*What you have to do*: Please begin with the line containing "Photo #4: 2750831 Listing" and reproduce each line exactly until the records below end, without any pictures.

[[ Data listing, beginning ]]

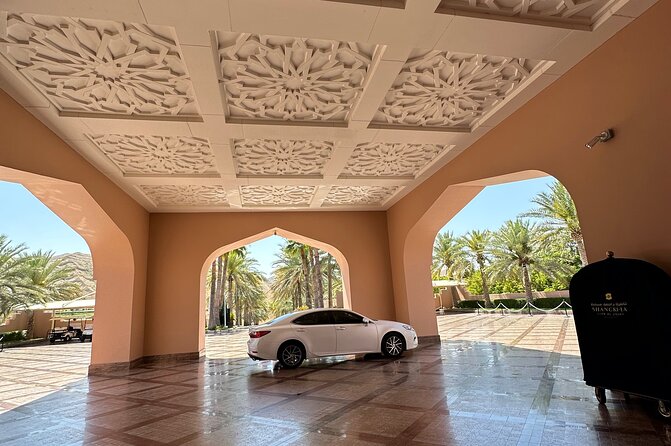 Muscat : private full-day luxury tour inside - Jalali and Al Mirani Castle photo stops along the coast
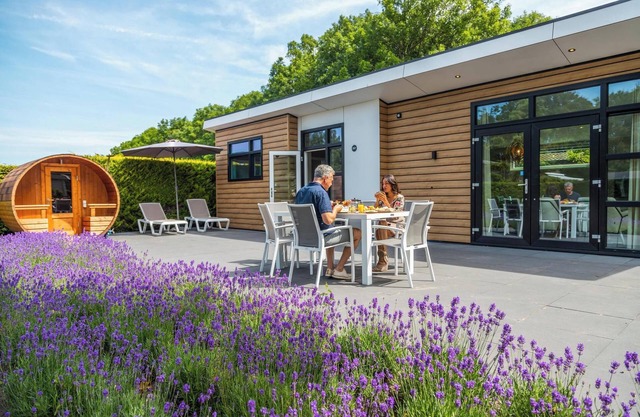 Deluxe 4 people Sauna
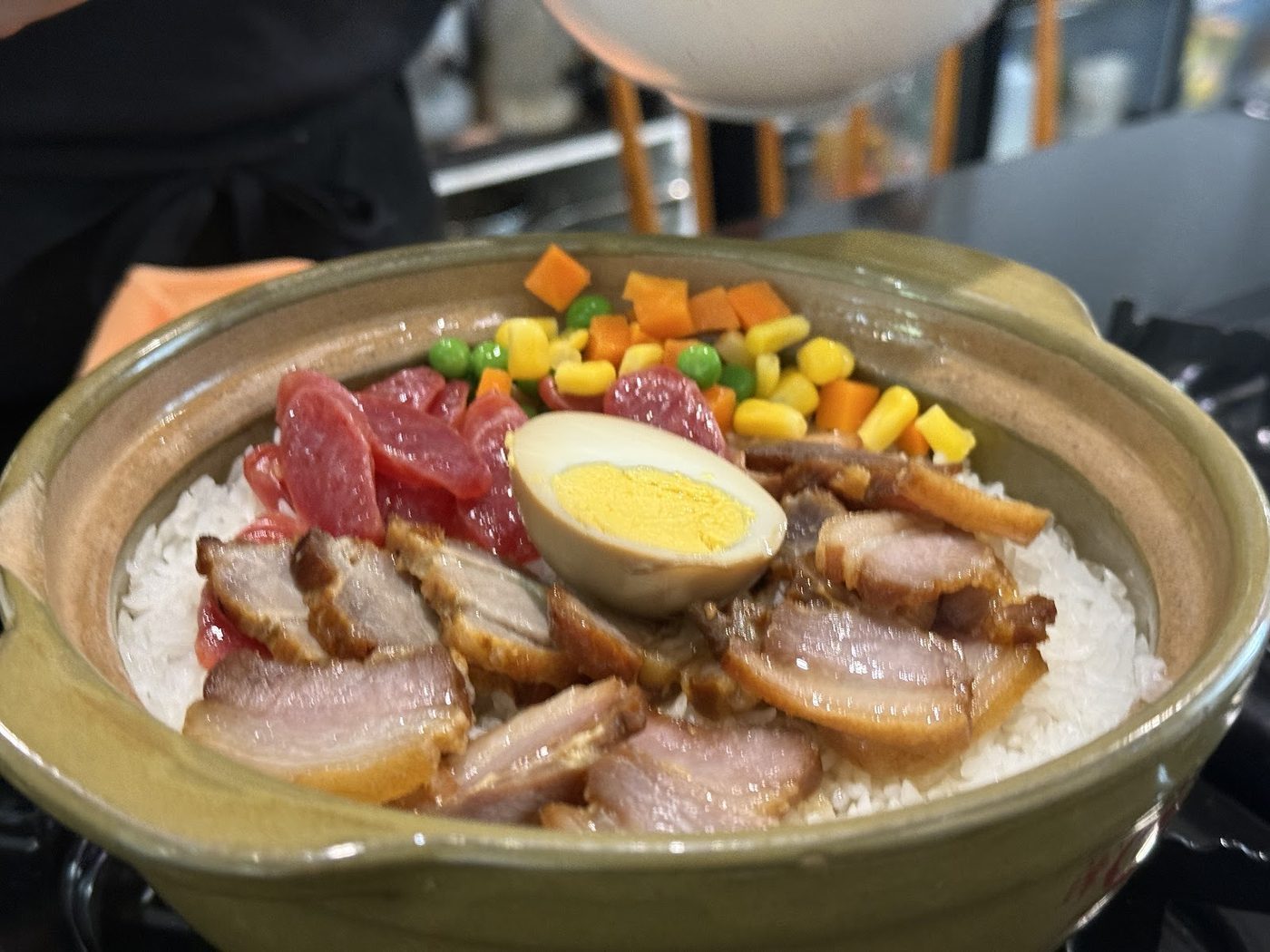 Rice bowl with sliced meat and egg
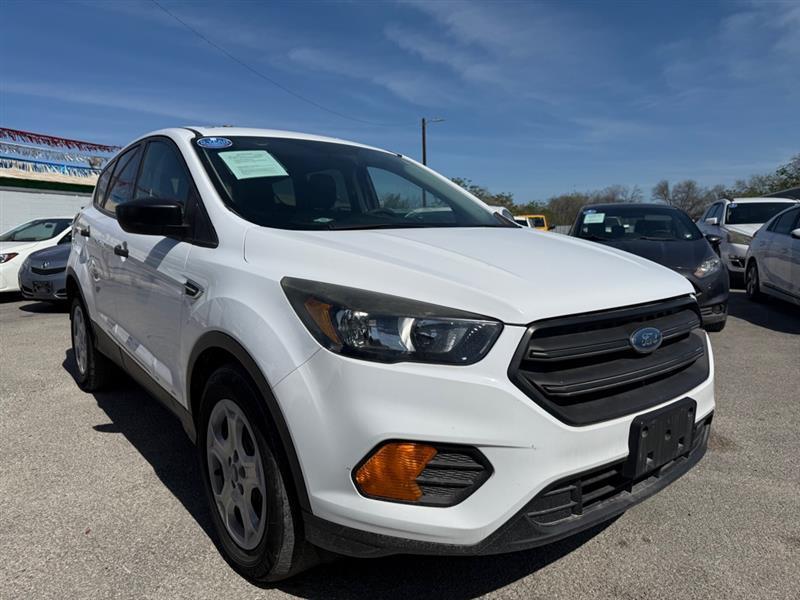 Ford Escape S FWD 2018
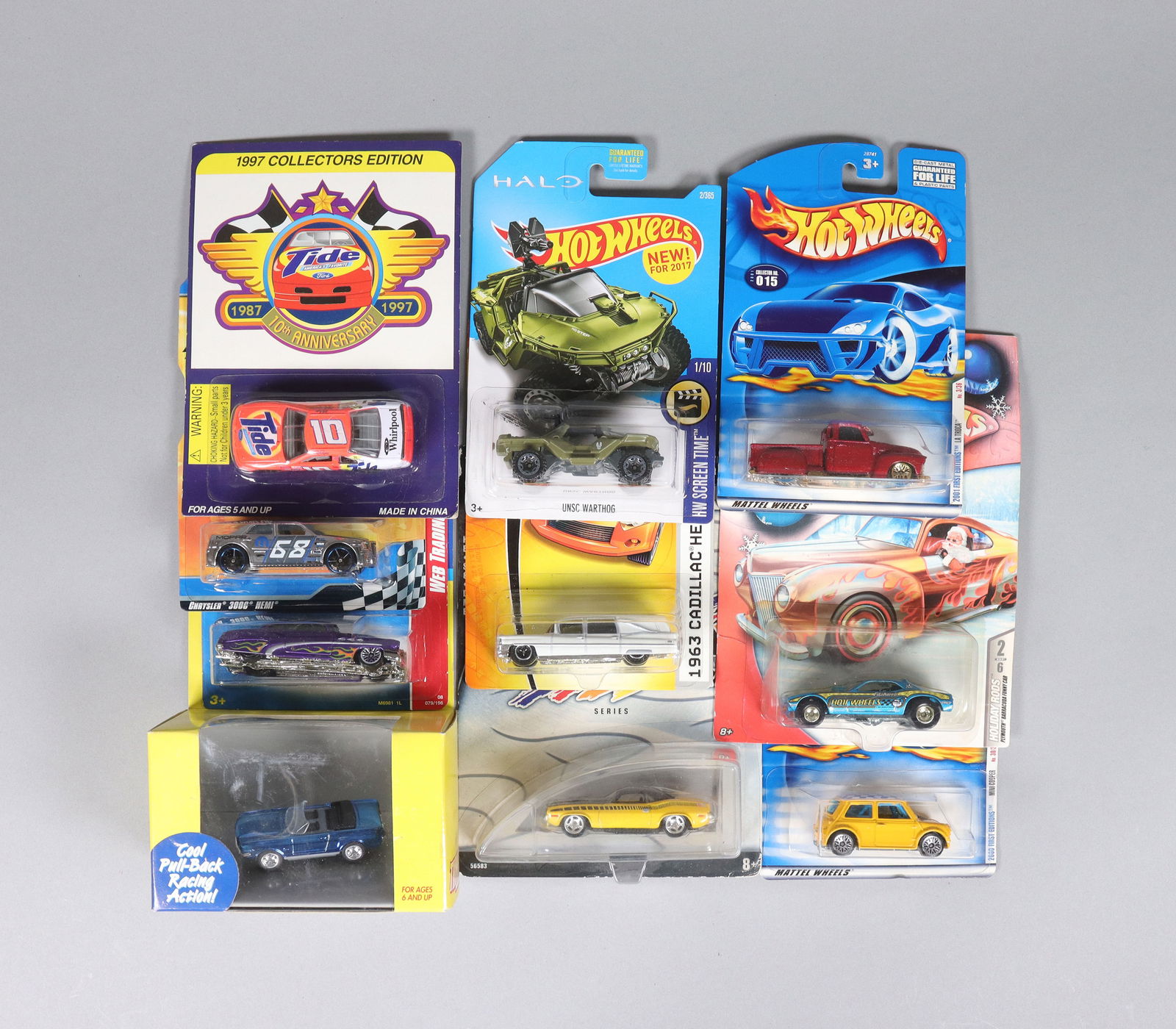 Lots vintage car toy figures (1 of 6)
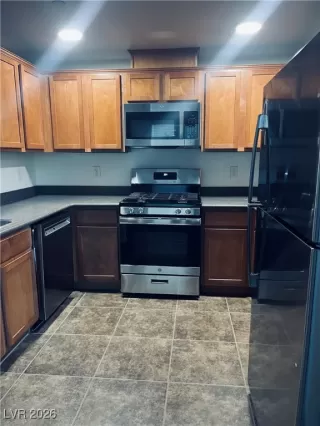 Photo #4: 2750831 Listing 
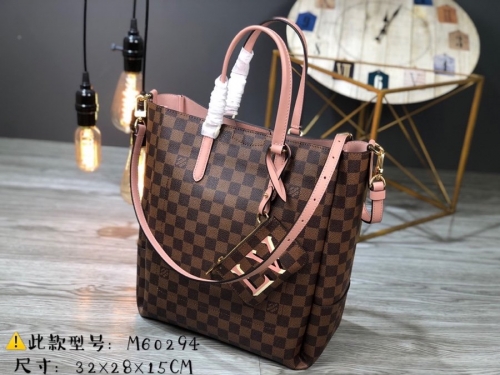 No.93 LV NEONOE bag  M60294  32×28×15CM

[[ Data listing, end ]]

*Answer to the problem*:
 Photo #4: 2750831 Listing 
 No.93 LV NEONOE bag  M60294  32×28×15CM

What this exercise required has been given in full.